The founder, Igarashi Shinichiro, majored in architecture and designed the space with his coworkers. He wanted to create not only a nice, simple work place, but a fun and comfy one as well.
I came to the SNACK because I was in Tokyo for the week, and just needed places with WiFi that I could work from. So I thought I'd bounce around. Today, I stopped at three "misses" in a row; that is, three places I heard were good, but turned out to fall short of my expectations. the SNACK is my last stop of the day, and by far the best.
There are counters for people working alone. There are tables, couches, and even a bar, which I'll have to try out later (though I should probably finish writing this first). The eclectic mix of furniture gave me the creative energy I needed to get things done. When someplace is too comfortable, it's hard for me to focus. the SNACK toes this line really well.
Upon arriving I was given a slip of paper with a time written on it, then asked to choose a seat.
I sat down and the lady behind the bar asked me what I wanted to drink. "You get one free drink," she told me. I had been drinking coffee all day, so I went with orange juice. After she brought it to me, I never heard from anyone again, which was exactly what I wanted.
It wasn't busy when I was there, though there were maybe five other people when I arrived at 4:00 p.m. on a Thursday afternoon. More people came as time went by, but it never got crowded. In future visits it was like this too. There were always people, but it was never packed. It always felt like a good mix of quiet and busy.

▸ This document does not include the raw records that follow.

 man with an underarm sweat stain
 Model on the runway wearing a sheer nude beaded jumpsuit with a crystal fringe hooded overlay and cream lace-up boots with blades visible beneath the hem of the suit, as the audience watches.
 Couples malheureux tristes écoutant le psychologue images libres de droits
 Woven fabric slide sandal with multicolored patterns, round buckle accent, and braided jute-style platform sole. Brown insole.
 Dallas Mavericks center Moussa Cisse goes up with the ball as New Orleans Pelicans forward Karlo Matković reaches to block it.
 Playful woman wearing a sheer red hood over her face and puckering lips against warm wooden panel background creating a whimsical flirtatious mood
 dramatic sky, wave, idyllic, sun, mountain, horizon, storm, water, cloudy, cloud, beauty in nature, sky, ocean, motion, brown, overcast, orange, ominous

People don't find this place by accident. There are no markings on the building outside, and even when you get up to the second floor where the SNACK is located, you can't read the sign on the door unless you get really close.

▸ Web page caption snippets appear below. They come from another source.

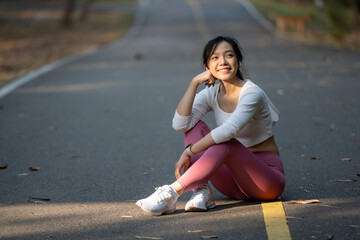 Fototapeta premium A young woman sits on the road to rest after jogging.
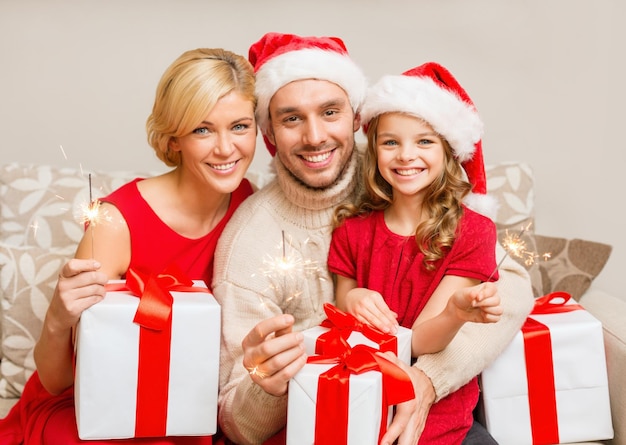 família, natal, natal, inverno, felicidade e conceito de pessoas - família sorridente com chapéus de ajudante de Papai Noel com muitas caixas de presente e luzes de bengala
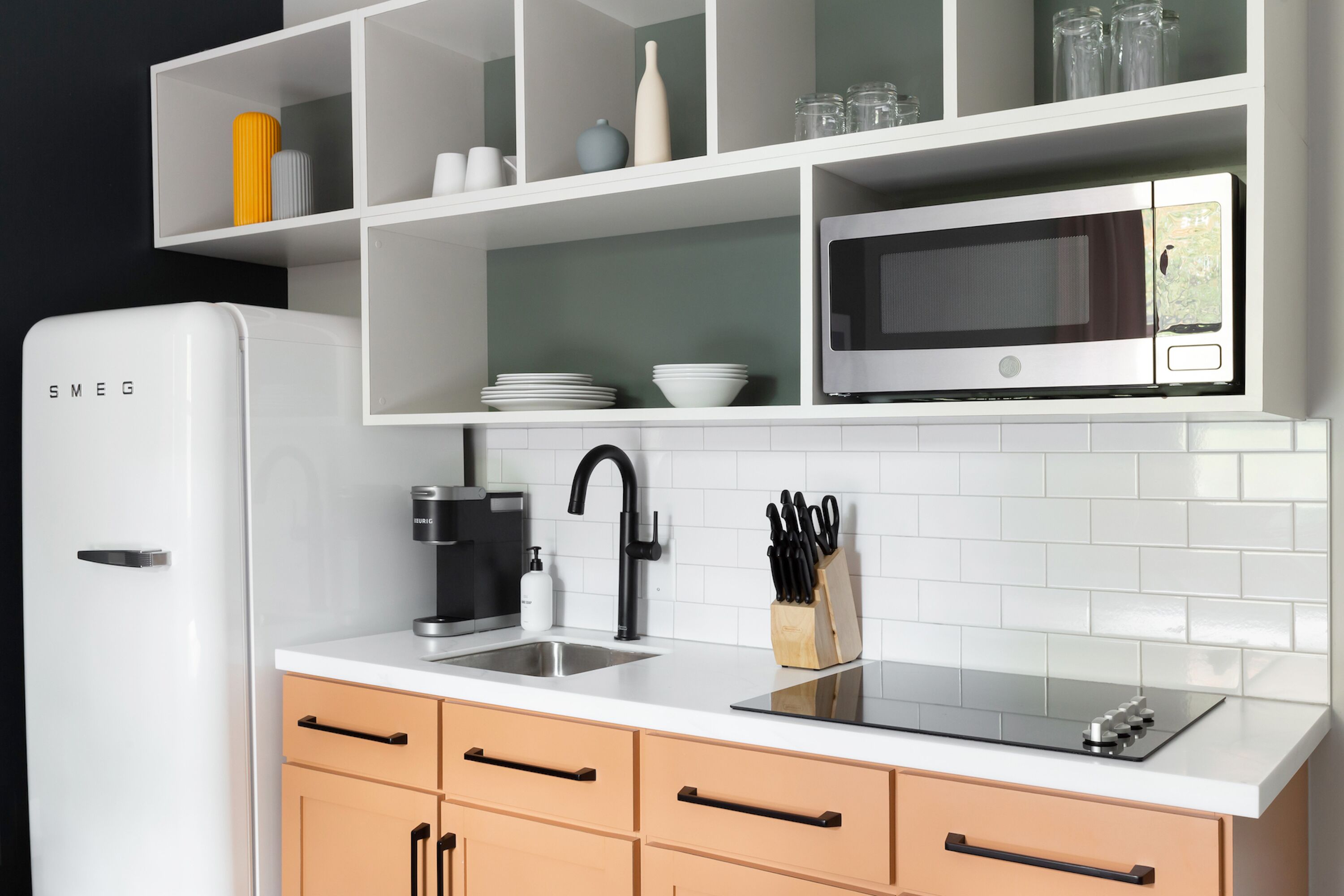 A modern kitchen with white cabinetry, a built-in microwave, a sink, and a coffee maker.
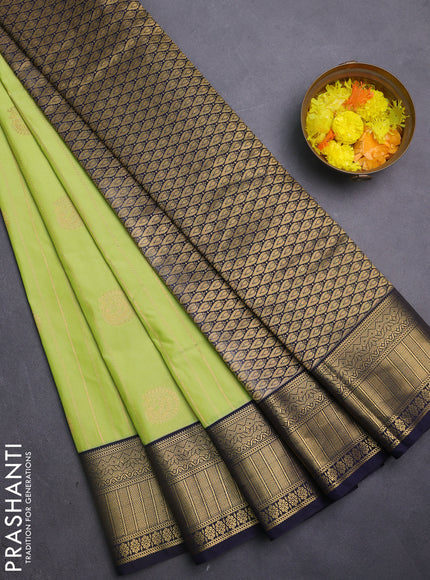 Semi kanchipuram silk saree lime green and navy blue with allover zari weaves & buttas and zari woven korvai border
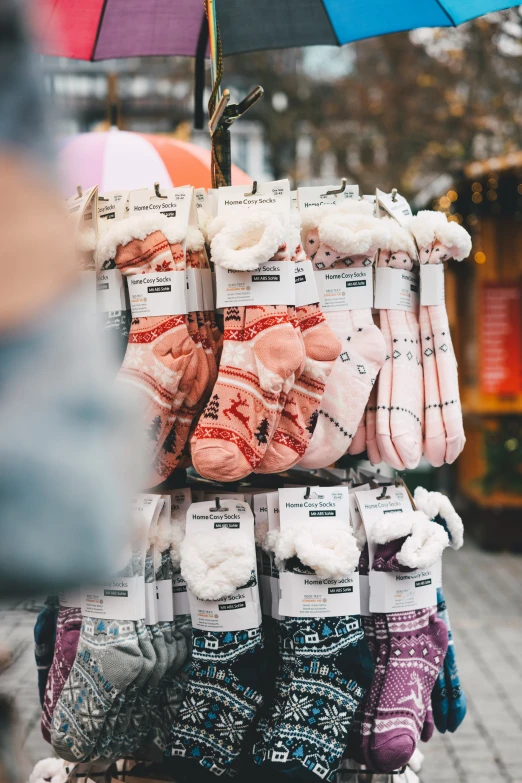 this display has several pairs of slippers and socks on it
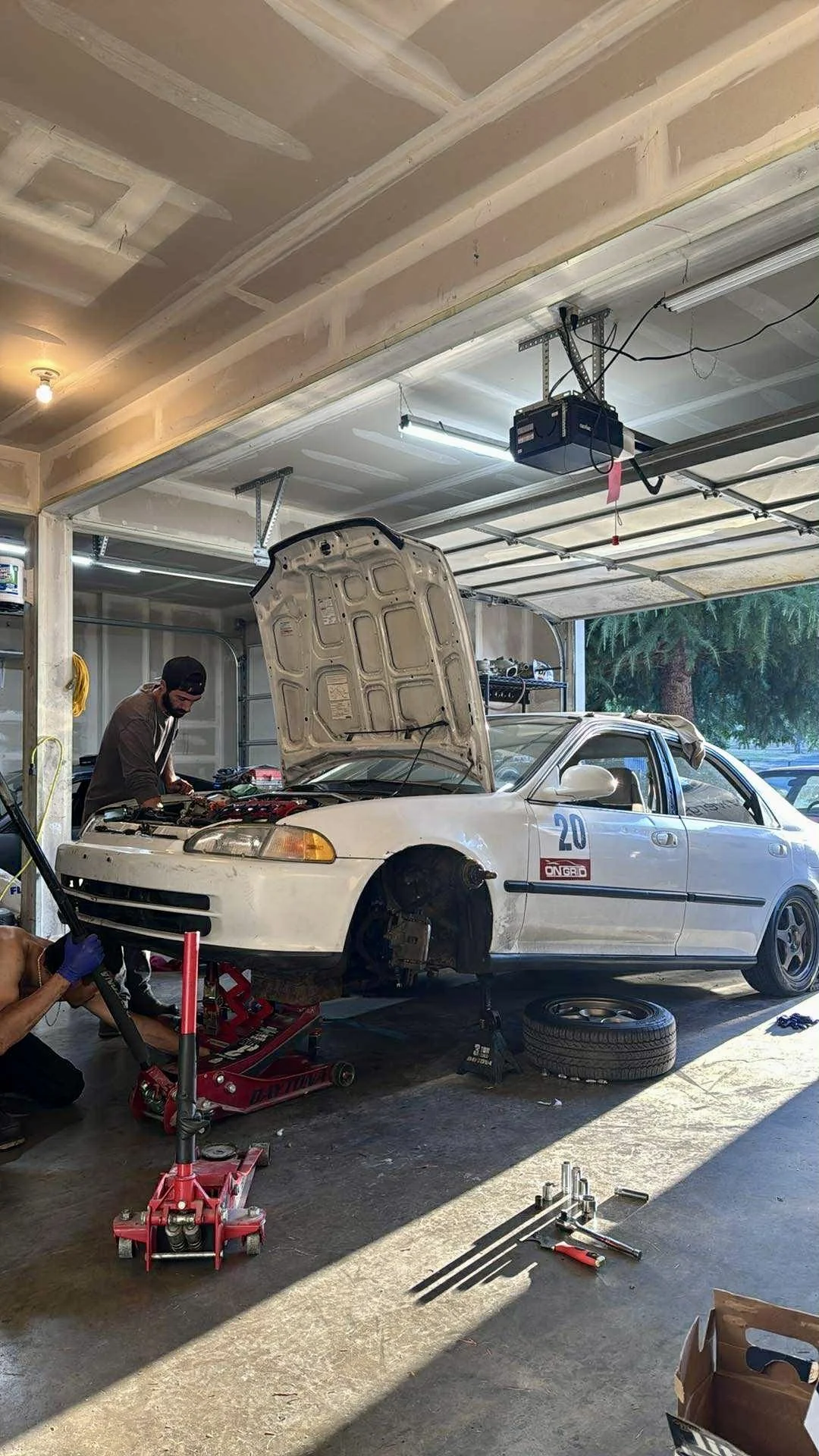 Two men working on a white car inside a garage, with the front wheel removed, the hood open, and the car raised on a jack. Tools and a spare tire are on the floor.
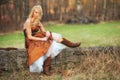 Teen in dress with cowboy boots Royalty Free Stock Photo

That said, from far away the door stands out a little bit, but that alone doesn't make me want to go in. In fact, the SNACK's website goes into great detail about how you need courage to open this weird door. Even they know it looks like something from a horror film.
The Internet speed was good too. Fast enough to get done everything you need to do.
The eclectic mix of furniture gave me the creative energy I needed to get things done. When someplace is too comfortable, it's hard for me to focus. the SNACK toes this line really well.
The internet wasn't as fast as Bushitsu or Base Point, but the location is convenient if you're staying, working, or living around Tokyo Station/the Eastern side of Tokyo. From Ginza Station it's about a five minute walk.
If you need to get three hours of work done (or less), or if you need to spend a day working from somewhere, I highly recommend the SNACK for all your nomadic Tokyo working needs. I've gone back with members of the Tofugu crew a few times since, and the large tables are a great space to work together with others.
If I lived in Tokyo, I'd consider a monthly membership at the SNACK, because you'd find me working here quite a bit.
The only thing that would have made the experience better is if they served food (ironic for a place called "the SNACK"). But since you can bring your own food, it's not a big deal.
Anyway, I'll be heading out soon to grab a bite to eat.
Update: The Tofugu crew came here a few times after our company retreat in February 2018. The large tables were great for groups, but we all felt uncomfortable because of the heating. In the summer, the air conditioning is at a comfortable level (for me, at least). But in the winter the heating is on full blast, and us weak Americans had to find corners the heaters didn't reach. That being said, it's pretty similar to a lot of places in Japan in the winter, but this kind of extreme heat in a working space felt detrimental to our work-focus, so it's worth keeping in mind.